In the well-known dispute with Grga Gamulin in 1955 about the legitimacy of abstract art in the period immediately after socialist realism, Protić revealed his theoretic conviction that the notion of abstraction in painting was not in irreconcilable opposition with the existence of references to objects, as was contained in his thesis about harmonising the “trinomial line-colour-object”. Thereby, the concept of “object” did not assume a representation of a concrete real form but was reduced to sign allowing for the possibility of representing not only material but also immaterial phenomena of nature. Namely, while in the 1950s the object in Protić’s paintings was treated as a thing (according to the titles such as Lamp, Mandolin, Shell, Aquarium etc.) in his paintings from the early sixties and later the concept of object referred to untouchable and unreachable forms such as Sky, Moon, Constellation, Asteroid etc. as represented in the titles of his individual paintings or even whole cycles. In that way, a painting did not describe an object but became a metaphor, a symbol, a sign of the objectness that had no longer any support in the world beyond the painting but existed as an objective component within the “trinomial” where the other two elements, as qualities of abstraction, were understood to be the categories of “line” and “colour”.
By conducting in his own paintings the process of reduction from the representation of a material object to a sign of non-material form, Protić established his theoretic thesis about the existence of the “semantic key” – in his interpretation of his own painting it assumed “the reduction of an object to a geometrical sign (shell-spiral, asteroid-circle, sandglass-triangle) incorporated into the concept of whole as an essential element… In fact, that kind of reduction followed the ideal of totality, believing that even fragments of the world could reflect its whole, and the breadth of life could be conceived by making one of its manifestations universal”.

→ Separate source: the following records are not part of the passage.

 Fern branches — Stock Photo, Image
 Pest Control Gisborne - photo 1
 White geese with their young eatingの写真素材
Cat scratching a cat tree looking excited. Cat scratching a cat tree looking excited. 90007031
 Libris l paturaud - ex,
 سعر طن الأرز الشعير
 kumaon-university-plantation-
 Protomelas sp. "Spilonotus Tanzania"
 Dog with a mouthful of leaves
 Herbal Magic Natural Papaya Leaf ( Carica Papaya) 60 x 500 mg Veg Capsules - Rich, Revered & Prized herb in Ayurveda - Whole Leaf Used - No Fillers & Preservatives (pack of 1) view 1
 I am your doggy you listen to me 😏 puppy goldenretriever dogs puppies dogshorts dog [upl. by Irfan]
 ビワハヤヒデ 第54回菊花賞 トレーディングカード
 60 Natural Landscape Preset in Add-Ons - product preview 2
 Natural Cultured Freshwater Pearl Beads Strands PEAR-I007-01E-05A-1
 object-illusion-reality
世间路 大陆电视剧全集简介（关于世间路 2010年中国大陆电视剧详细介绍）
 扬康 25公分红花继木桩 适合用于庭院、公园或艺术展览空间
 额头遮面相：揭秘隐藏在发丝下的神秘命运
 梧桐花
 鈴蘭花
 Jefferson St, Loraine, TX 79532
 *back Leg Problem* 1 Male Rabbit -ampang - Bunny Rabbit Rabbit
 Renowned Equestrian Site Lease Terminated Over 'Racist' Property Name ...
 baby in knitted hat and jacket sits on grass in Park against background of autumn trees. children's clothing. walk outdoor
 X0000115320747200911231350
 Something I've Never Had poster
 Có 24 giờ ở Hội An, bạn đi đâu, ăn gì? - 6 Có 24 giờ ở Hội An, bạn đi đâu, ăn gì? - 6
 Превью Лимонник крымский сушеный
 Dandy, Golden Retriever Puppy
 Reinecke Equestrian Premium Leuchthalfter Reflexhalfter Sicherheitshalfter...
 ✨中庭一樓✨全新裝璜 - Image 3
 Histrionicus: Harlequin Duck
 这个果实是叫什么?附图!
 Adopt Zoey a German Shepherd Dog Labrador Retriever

Protić adhered to this basic conceptual constant although in some visual elements and technical procedures it underwent certain changes in the sixties. It is obvious that paintings from the early years of this decade (for example the two version entitled Studies I and II, 1961) reveal, notwithstanding the essential compositional principles, traces of free and direct application of paint and could be interpreted as concurrent and transitory consequences of their origin at the time of the then fashionable informel, an artistic movement foreign to Protić and even opposite to his understanding of art not only because of a different painterly sensibility but also from the basic ideological position.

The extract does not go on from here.